Reported: 2010-05-18 00:24 UTC by David Carlisle
Modified: 2010-06-08 19:01 UTC (History)
1 user (show)

See Also:


Attachments

Description David Carlisle 2010-05-18 00:24:55 UTC
fn:parse  says ...

This function takes as input an XML document represented as a string,
...The precise process used to construct the XDM instance is implementation-defined. In particular, it is implementation-defined whether DTD validation is invoked, and it is implementation-defined whether an XML 1.0 or XML 1.1 parser is used.

I assume that it would be conformant to supply the xpath engine with a parser that accepted some other syntax than xml and returned an XDM tree (or equivalently returned the sax events to allow you to build an XDM tree).
HTML5 being a topical example. Practically speaking, if an html5 parser exposing sax events is used the system probably can't tell anyway. Accepting html is arguably allowed by the "implementation defined" quoted above except that the error condition

A dynamic error [err:FODC0006] is raised if the content of $arg is not a well-formed and namespace-well-formed XML document.

has to be read with care if it is not to be interpreted as saying a system must raise an error if presented with HTML markup. Presumably (that is, I presume, but I'm unsure if I should presume) the intention is that FODC0008 is raised if an XDM tree can not be constructed by the "implementation defined process" when supplied the string $arg.
Comment 1 Michael Kay 2010-06-01 15:30:43 UTC
Agreed that we want to leave open the possibility of parsing non-XML documents,
but preferably in a way that still sets expectations that the normal/default
behaviour is to parse XML and return a well-defined error if the input isn't
well-formed. Editor to propose text to implement this.
Comment 2 Michael Kay 2010-06-02 21:59:43 UTC
Reading the specification again, and thinking about how one might "soften" the wording, I'm inclined to recommend keeping it as it is, despite what was said at the telcon. If the user wants a function that does something different from this, for example a function that parses HTML, then I think that should be a different function. Otherwise we seem to end up with a function that takes a string as input and produces a document node as output, using a process that is completely implementation-dependent with no guarantee of interoperability.

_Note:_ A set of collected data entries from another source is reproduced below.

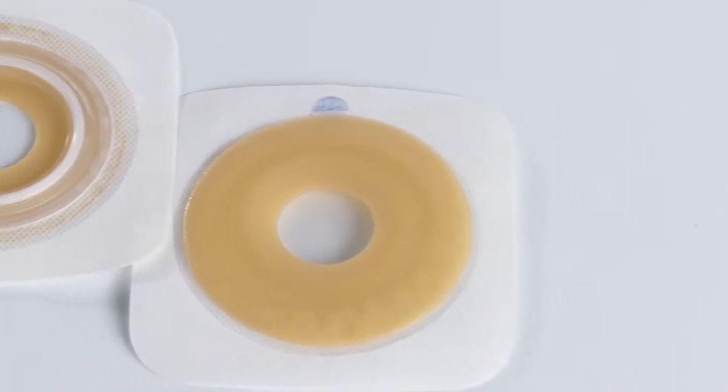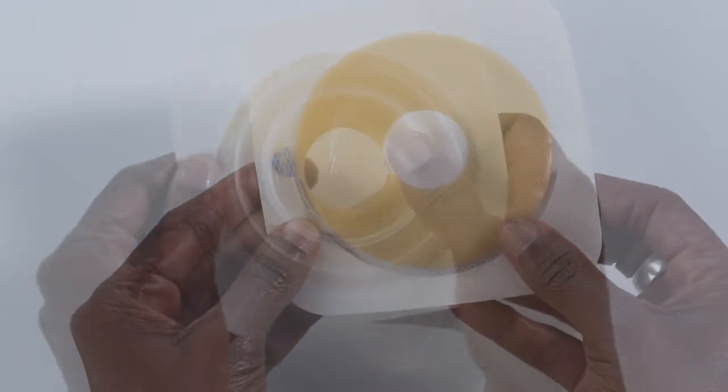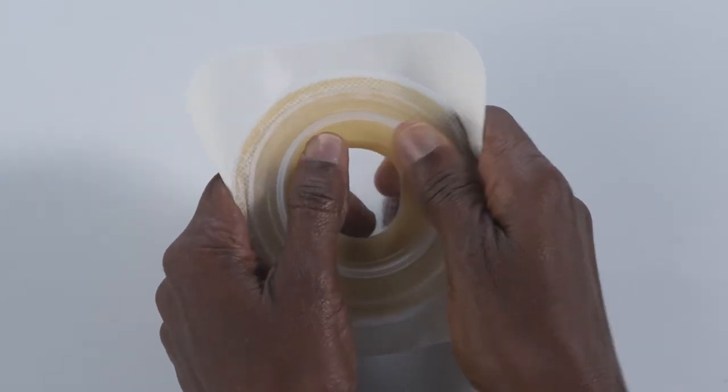To apply, start by removing the barrier from its package, but do not remove the clear release liner or release paper. Press your thumbs or fingers at the center of the starter hole and begin to roll and mold the hole to the size of your stoma.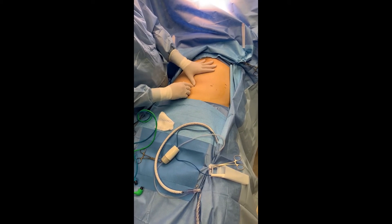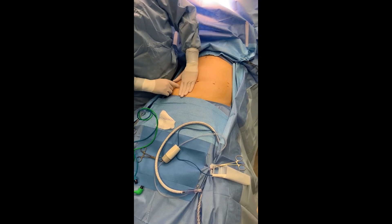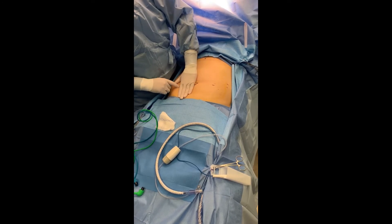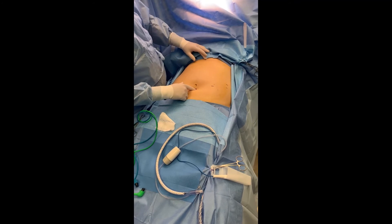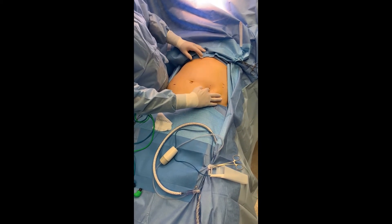I'll do an infraumbilical incision in this patient — about one handbreadth and a little bit below that. I'll put a 12 millimeter trocar for my clamp, a 12 millimeter trocar here for the robotic stapler, and then an 8 millimeter trocar about this location.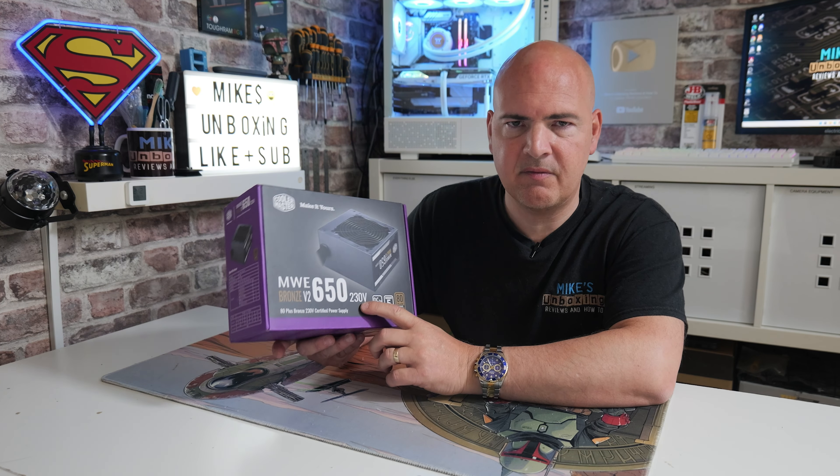Taking a look at the packaging, as you can tell this is a Cooler Master product. It's got a DC-to-DC design and also a five-year warranty, which is actually pretty decent for a bronze-rated power supply — generally a bronze-rated unit will come with either a one, two, or maybe three-year warranty. It's also got the 80 Plus Bronze logo and is up to 86% efficient.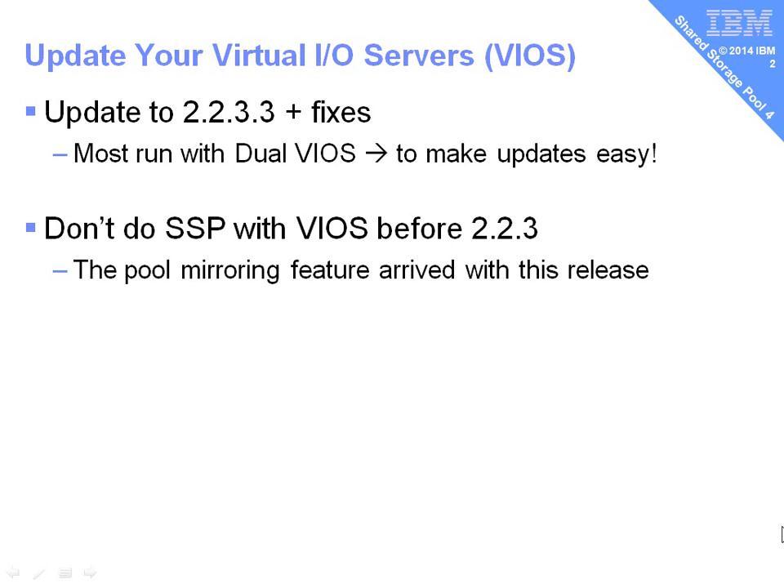First of all, we have to update our virtual IOS server. I always encourage people to do this anyway for security and fixes. When I made this movie, the latest release was 2.2.3.3 and a couple of fixes. Most people run with dual VIO servers and the point of having two is that it makes upgrading them easy and you can do this online with your applications up. Don't use older versions of the VIO server than 2.2.3.3 because with this release we first had the pool mirroring feature.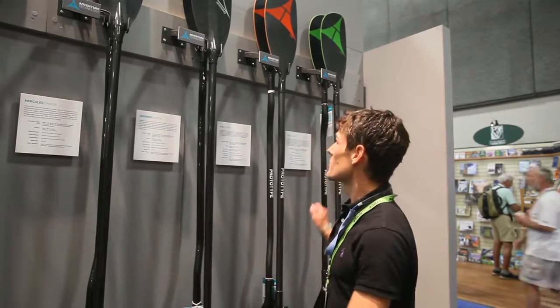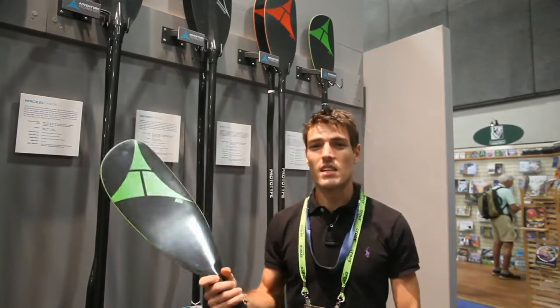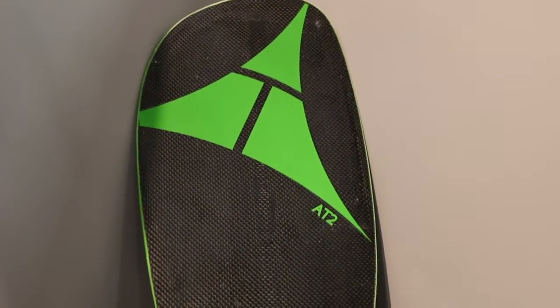I'm Hastings Bloomer with Adventure Technology Paddles here to talk about our two new Whitewater models, the AT2 and the AT5. The AT2 is a blade that we've had in our line for years — it's one of the original models and has been super popular.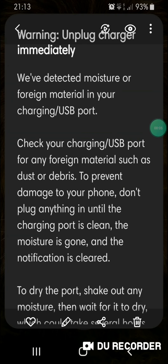Unplug your charger immediately — we have detected moisture or foreign material in your charging USB port. Check your charging USB port for any foreign material such as dust or debris. To prevent damage to your phone, don't plug anything in until the charging port is clean, the moisture is gone, and the notification is cleared.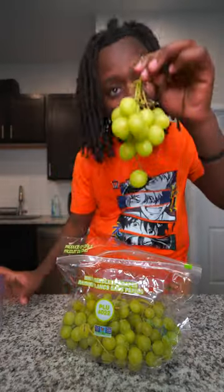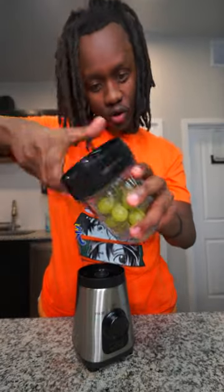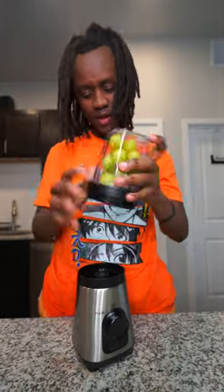Bruh, there's no way that the stem didn't get cut out of blender. Let me try it. So first thing first, I gotta go ahead and give me some grapes, then I need to go ahead and put it inside this blender. Now let's go ahead and put this lid on top of it and let's blend it.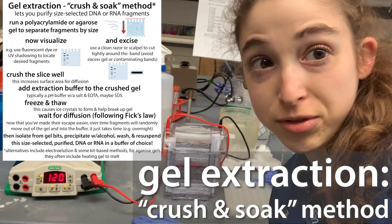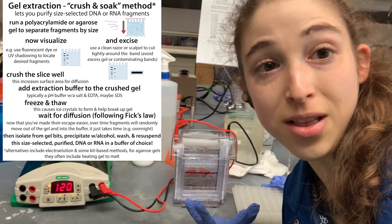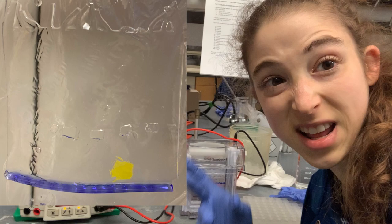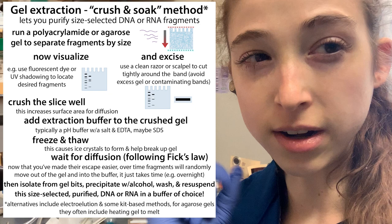Using gel electrophoresis to separate DNA pieces by size — not just to get a look at them, but as a way to purify them. So I'm actually going to extract them out of the gel after I take a look. You cut around the band, see where the bands of interest are, so it should be separated from the other stuff. Then you cut out the band, crush it up, add some buffer, freeze it, thaw it, and voila — you have purified DNA. This also works for RNA with the crush and soak method.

I think this case is different from doc() where the function accesses an external resource. In this case the input and output are entirely within the domain of the XSLT/XQuery processor, and I see no reason to make the behaviour implementation-defined except to the limited extent that XML parsing is intrinsically implementation defined.

Of course, if products are designed to allow users a choice of XML parser, then it might be possible for users to subvert the behaviour of this function to do something different from what it says in the specification. But I don't think that's something that the spec should encourage or endorse.
Comment 3 David Carlisle 2010-06-02 22:28:45 UTC
(In reply to comment #2)
> Reading the specification again, and thinking about how one might "soften" the
> wording, I'm inclined to recommend keeping it as it is.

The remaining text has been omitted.